ちなみに天正12年に岩倉より当山が移ってくる前には、ここの場所には山内一豊家の菩提寺である日蓮宗・要法寺がかつてあった事実があります。その後長浜に要法寺が移った後に、岩倉より国照寺・蓮照寺・妙栄寺の3ケ寺が同時期にここにうつってきています。建物を解体した今こそ本格的調査するいいチャンスなのですが、解体作業の中で業者の方との連携でやっているので時間が現実にはとてもありません。

発掘地点より東側を撮影。本日、東側の妙栄寺様との境のブロック塀も撤去されました。

 

 

 

 

明日も追加で発掘作業して、最終確認とするそうです。

解体工事進捗との兼ね合いもありますが、このような調査の目的は埋蔵文化財は蓮照寺のものではなく、万民共有の財産という位置づけで行うそうです。学芸員の方に話を聞くと、県に確認記録を提出しなければならないそうです。

このような深い位置まで今回工事を行う計画がなかったら元々必要のない調査であったのですが(新本堂の下に埋蔵文化財があったとしても深い位置まで工事しなければ自然に保存されるため)、蓮照寺本堂の建築事業の中でも重要な意味を占めている調査と思います。今回の新築工事で内陣部分は深く掘って工事するため埋蔵物はあったとしてもすべて撤去になりますが、それ以外の部分に埋蔵文化財はあったとしたらそれは自然に保護されるわけです。そしていつか未来に深く掘削する工事を当山で行う日がきたらまた確認調査がされると思います。

現場監督さんは、工期の関係でヤキモキしてましたが。。。わたくしは興味津々なのでもっと本当は調査してもらってもよかったんですが・・・

ただし、もし本格調査となると施主(=お寺)持ちで調査費用負担が発生するというのが大変気になるところでした。
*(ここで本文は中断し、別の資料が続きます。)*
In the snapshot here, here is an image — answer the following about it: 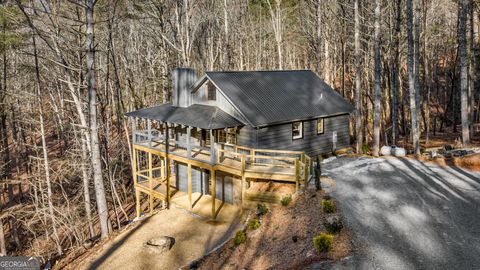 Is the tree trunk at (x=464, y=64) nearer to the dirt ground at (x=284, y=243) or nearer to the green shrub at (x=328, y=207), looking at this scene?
the dirt ground at (x=284, y=243)

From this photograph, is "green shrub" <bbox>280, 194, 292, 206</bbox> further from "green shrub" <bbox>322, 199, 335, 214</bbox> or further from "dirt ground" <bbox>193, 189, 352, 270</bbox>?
"green shrub" <bbox>322, 199, 335, 214</bbox>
←実は一番これが気になってました。

建築会社、解体業者、市の発掘調査学芸員、そしてお寺側(住職、檀家)とそれぞれの立場立場でいろんな思惑の違いが如実に出てくるところです。それぞれの範疇を超えてお互い協力しながら仕事ができる(やっていただく)ことの大切さを感じた今回の調査でした。